Un possibile percorso per ritrovare il lavoro – 2: riscoprire competenze e talenti

Recupera l’introduzione e il primo passo del nostro “possibile percorso per ritrovare il lavoro”.

Secondo passo: riscoprire tutte le proprie competenze e tutti i propri talenti

Questo secondo step nasce dalla constatazione che ritrovare un nuovo lavoro dopo averlo perso è cosa ben diversa da cambiare posto di lavoro, perché richiede un nuovo approccio alla ricerca, capace di ripensare tutta la propria professionalità come risposta a nuove esigenze di mercato. Soprattutto infatti (ma non esclusivamente) se si ricerca un lavoro a partire dallo stato di disoccupazione, cioè dopo averlo perso, diventa fondamentale svolgere quel lavoro di acquisizione di nuova consapevolezza della propria professionalità, che può nascere solo da un’ampia riflessione su tutte le competenze, hard e soft, acquisite non solo in ambito lavorativo ma nel corso di tutta la propria vita.

Perché questo è così necessario? Perché se si ricerca una nuova opportunità avendo già un lavoro, la ricerca stessa sarà facilitata (non dico agevolata) da un certo automatismo che è implicito nella continuità esistente tra la posizione da ultimo ricoperta e le posizioni identiche, o gerarchicamente superiori ma sempre omogenee ed in linea, presenti sul mercato del lavoro. Soprattutto in tali casi sarà bene dunque, prima di muoversi alla ricerca di un nuovo lavoro, fermarci un attimo e fare un ampio inventario (o bilancio) di tutte le proprie competenze ed interessi personali, sia professionali che non, al fine di prendere coscienza di tutte le risorse e potenzialità che abbiamo e che quindi potremo successivamente -dopo averle ricomposte in un quadro organico, funzionale ed attraente di una nuova identita’ professionale– presentarle sul mercato del lavoro.

Perché parliamo di competenze e di interessi personali? Perché mentre le competenze sono capacità già sperimentate ed acquisite, gli interessi personali rappresentano un ambito potenziale di ulteriore allargamento del campo delle proprie competenze che non va sottovalutato.
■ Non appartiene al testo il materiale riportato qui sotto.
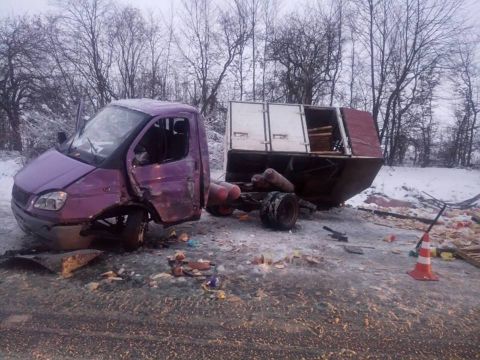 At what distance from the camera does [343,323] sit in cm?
375

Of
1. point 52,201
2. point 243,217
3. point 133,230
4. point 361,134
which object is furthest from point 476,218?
point 52,201

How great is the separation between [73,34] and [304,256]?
68.4 ft

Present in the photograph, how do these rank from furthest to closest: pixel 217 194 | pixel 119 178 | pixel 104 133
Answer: pixel 217 194 < pixel 104 133 < pixel 119 178

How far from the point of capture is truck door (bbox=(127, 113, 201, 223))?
5270 millimetres

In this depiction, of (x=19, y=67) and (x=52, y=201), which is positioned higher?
(x=19, y=67)

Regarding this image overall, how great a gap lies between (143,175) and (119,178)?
0.36 meters

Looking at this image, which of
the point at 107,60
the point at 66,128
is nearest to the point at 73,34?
the point at 107,60

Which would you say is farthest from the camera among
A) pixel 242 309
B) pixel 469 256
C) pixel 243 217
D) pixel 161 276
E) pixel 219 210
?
pixel 243 217

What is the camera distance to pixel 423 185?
52.7ft

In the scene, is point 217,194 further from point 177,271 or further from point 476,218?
point 476,218

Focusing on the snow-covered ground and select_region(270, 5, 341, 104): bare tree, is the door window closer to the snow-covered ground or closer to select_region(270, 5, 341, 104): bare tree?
the snow-covered ground

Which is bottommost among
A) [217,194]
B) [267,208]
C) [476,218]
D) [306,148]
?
[476,218]

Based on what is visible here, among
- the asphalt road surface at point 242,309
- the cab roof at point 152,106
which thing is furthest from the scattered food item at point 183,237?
the cab roof at point 152,106

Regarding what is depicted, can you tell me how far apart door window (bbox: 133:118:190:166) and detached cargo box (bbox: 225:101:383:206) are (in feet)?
7.50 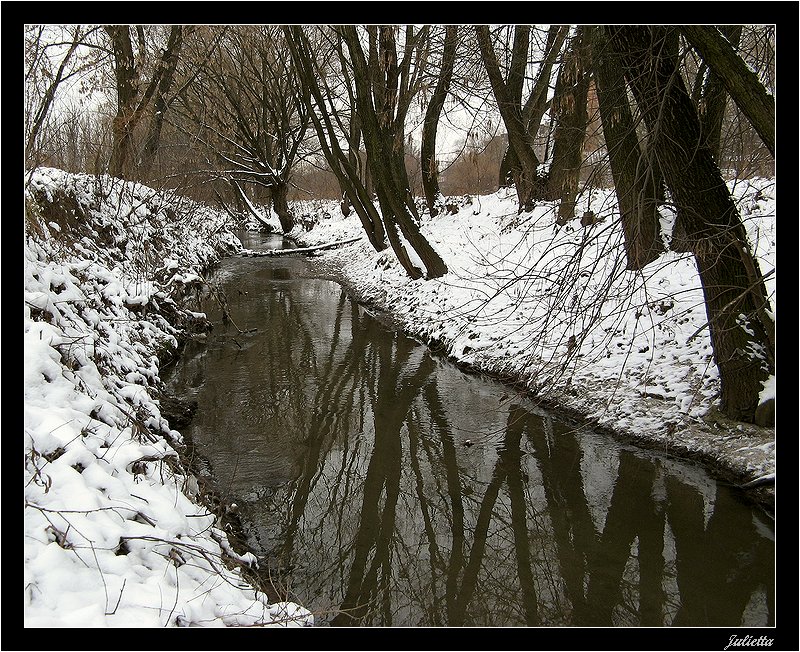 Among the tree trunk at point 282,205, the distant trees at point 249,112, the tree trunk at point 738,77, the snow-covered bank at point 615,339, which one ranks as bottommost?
the snow-covered bank at point 615,339

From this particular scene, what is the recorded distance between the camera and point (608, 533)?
4449 millimetres

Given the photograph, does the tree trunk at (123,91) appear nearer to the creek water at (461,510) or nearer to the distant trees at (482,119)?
the distant trees at (482,119)

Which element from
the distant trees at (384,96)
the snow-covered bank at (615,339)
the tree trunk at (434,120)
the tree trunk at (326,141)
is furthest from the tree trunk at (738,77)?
the tree trunk at (326,141)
Ad esempio, il fatto di svolgere delle attività di volontariato o di coltivare delle ‘passioni’ per determinati temi, permette di conoscere realtà e problematiche al di fuori di quelle strettamente professionali ma che possono avere dei ritorni potenziali anche in termini professionali, o come incremento di competenze di gestione, relazione e analisi o perfino anche come possibilità di avviare iniziative professionali.

Saper leggere sia le hard che le soft skill

Nulla dunque della propria esperienza di lavoro e di vita va trascurato, ‘scartato’ e men che meno censurato: ad esempio, anche certi errori o insuccessi professionali, cose che sulle prime siamo portati a censurare, se ben ‘ponderati’ e successivamente argomentati, possono rappresentare un ’plus’ in termini di esperienza, di maturità e di capacità di apprendere dagli errori. Questi ultimi aspetti di maturità e di apprendimento dagli errori, richiamano il fondamentale punto chiave delle soft skill, cioè di quelle competenze apparentemente ‘immateriali’ che però sono quelle che, a parità di altre competenze hard o tecniche possedute, spesso poi decidono sulla assunzione di una persona.

Potremmo dire che se le hard skill, quelle cosiddette oggettive e certificabili da studi e ruoli ricoperti, sono la condizione necessaria per la candidabilità professionale e la ‘employability’ del candidato, poi però, successivamente agli screening sui cv e in fase di colloquio, saranno le soft skill a contare parecchio. Occorrerà dunque fare un attento bilancio delle une e delle altre, sapendo che quelle ‘hard’ saranno fondamentali per la nostra identità professionale pubblica (cv e presenza su Linkedin) e pertanto per la nostra intercettabilità sulle reti professionali, mentre le seconde saranno decisive negli incontri ‘vis a vis’ e nelle scelte finali.

Un ultimo consiglio su come fare il bilancio delle competenze: se da un lato è evidente che si tratta di una autoanalisi, perché nessuno certamente può conoscere meglio di sé le proprie caratteristiche personali e professionali, è altrettanto vero che fare esclusivamente da sé comporta il rischio elevatissimo di fermarsi a quello che crediamo già di sapere e di poter fare. È altamente consigliabile dunque confrontarsi con qualcuno di fiducia, professionista o amico competente che sia, per fare emergere in dialogo e confronto quelle più ampie possibilità e caratteristiche che altrimenti verrebbero facilmente trascurate.